Une autre sculpture a été réalisée avec cette technique, il s’agit de cette femme nue que vous dites « plantée comme une aiguille d’acupuncteur dans la Cour Royale » ! Est-elle un clin d’œil aux allégories de l’abondance, de la paix, de la peinture, etc…qui sont incarnées par des statues de femmes souvent dénudées ? Est-ce une façon de répondre à l’abondance symbolique du décor sculpté ?

Par rapport à l’échelle du lieu, j’ai voulu que ce personnage en alliage de bronze et manganèse soit très petit, mais il est placé à un point de croisement essentiel, où la géométrie et la géographie (des avenues) se rejoignent. Le sujet et les dimensions de cette sculpture sont liés aux notions de permanence et d’impermanence du corps. Avec ce nu, j’aborde un thème fondamental : Le Bernin, Poussin, Manet, Courbet, Newton ont représenté le nu de façon très différente, je voulais réactualiser cette question. Il a été difficile de choisir un modèle. Finalement nous avons scanné et assemblé trois corps de femmes différents pour obtenir ce corps contemporain. Je souhaitais désamorcer le fantasme du modèle fusionnel que l’on trouve, par exemple chez Picasso, et travailler sur les notions d’apparence et de distance. Il s’agit de la projection d’un standard contemporain, car bien sûr, le corps générique parfait n’existe pas.

A Versailles, vous privilégiez le jardin et la question du rapport à l’Histoire. Lors de la première édition de La Force de l’Art, vous aviez créé votre propre podium et exposé les sculptures d’autres artistes (Le Baron de Triqueti, Cesar, Séchas…) Vous assumez les rôles d’artiste, de commissaire d’exposition et de scénographe. Est-ce que cela vient d’une méfiance par rapport aux formes modernes de l’exposition ?

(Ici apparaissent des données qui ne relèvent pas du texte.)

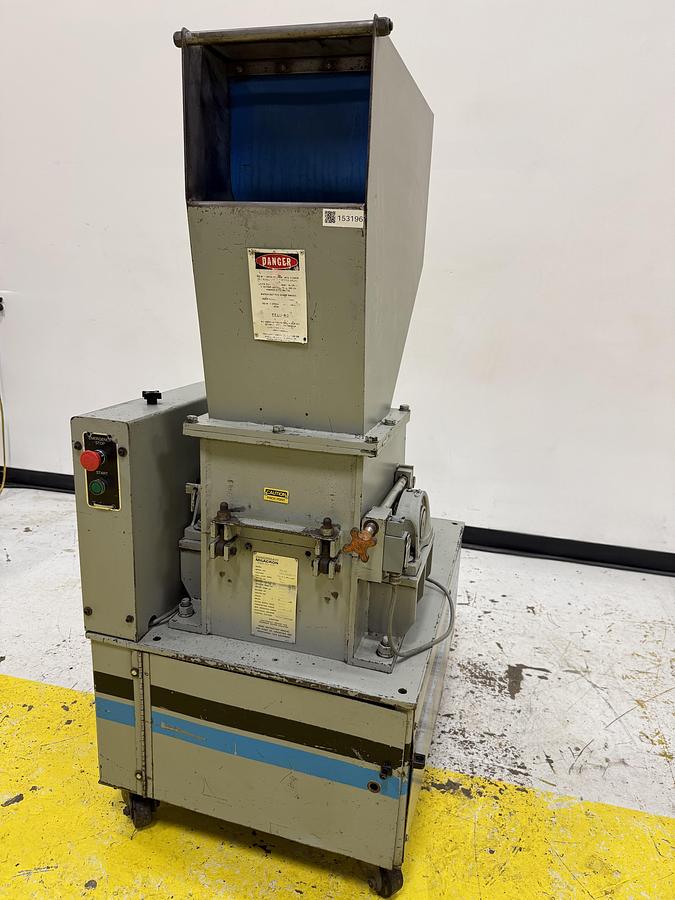 Used DNL / NOT CLEANED CINCINNATI MILACRON GRINDER CMS 912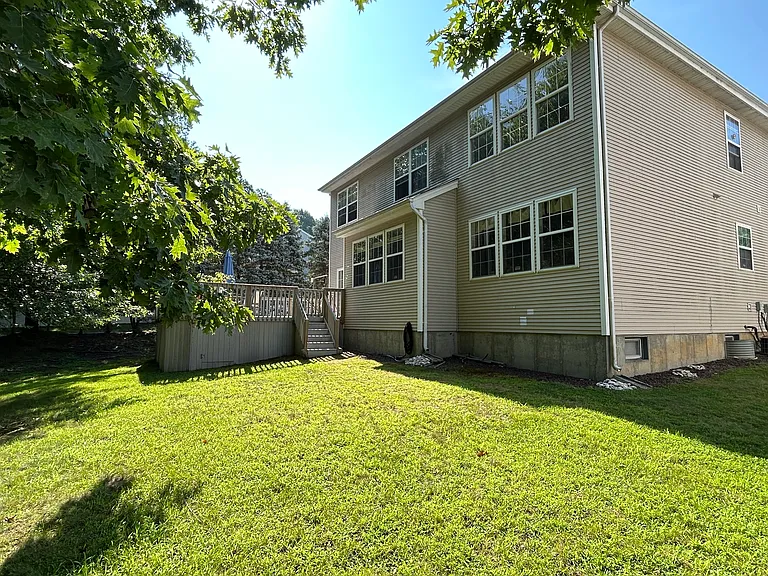 240 Kensington Dr — Photo 3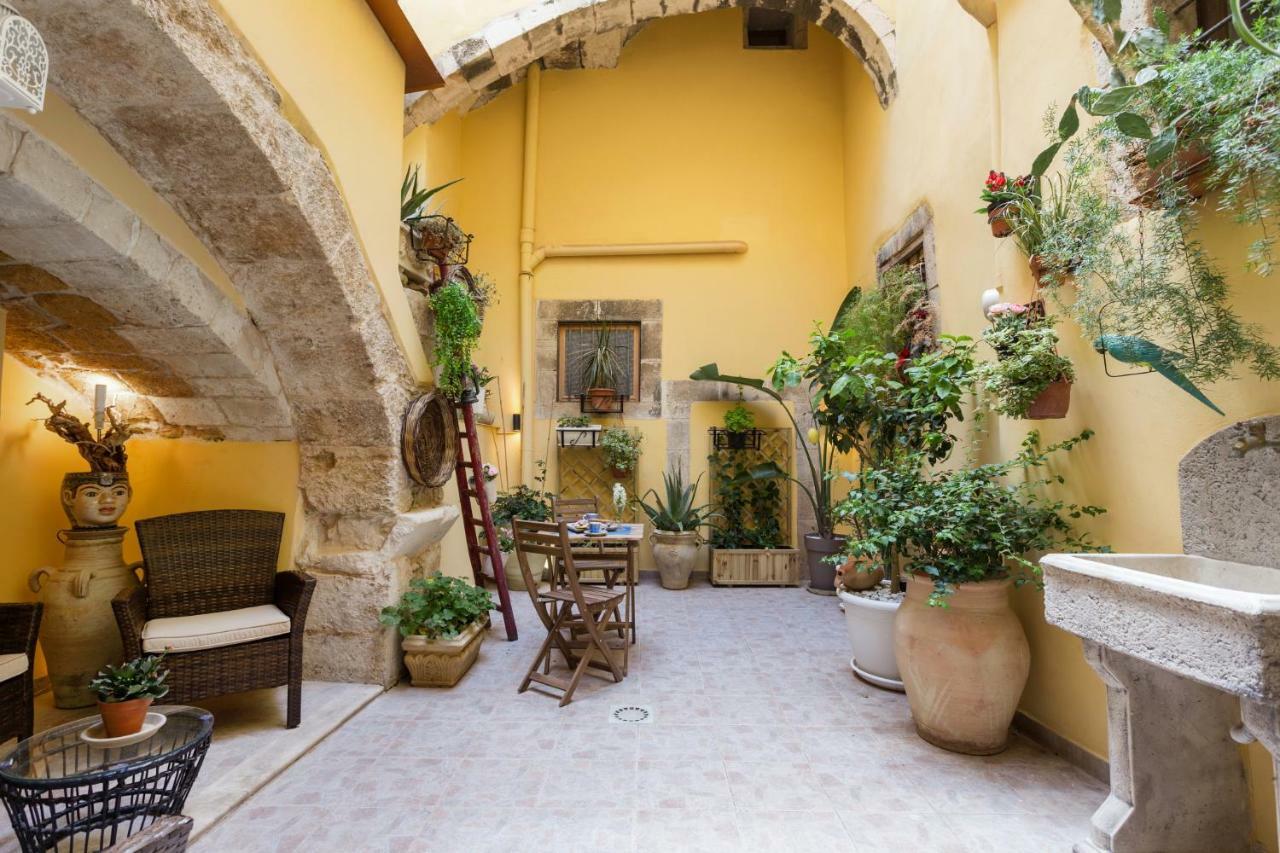 Casa Nagale- Di Charme Nel Cuore Di Ortigia A 50 Mt Dal Mare Apartment Syracuse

Non, je me repose sur ce qui a été fait pour aller plus loin. Je suis un fan d’artistes, je suis aussi collectionneur. Je cherche plutôt à déplacer la position habituelle de l’artiste, tout en étant conscient qu’il existe une histoire de l’exposition : depuis les expositions universelles, et jusqu'à Quand les attitudes deviennent formes (1969), ou Chambres d’amis (1986)… les propositions ont été très différentes. Pour moi, il n’y a pas de fin. L’exposition est comme un paysage dans lequel on se promène et qui ne s’arrête pas. Il suffit d’aller plus loin pour voir autre chose.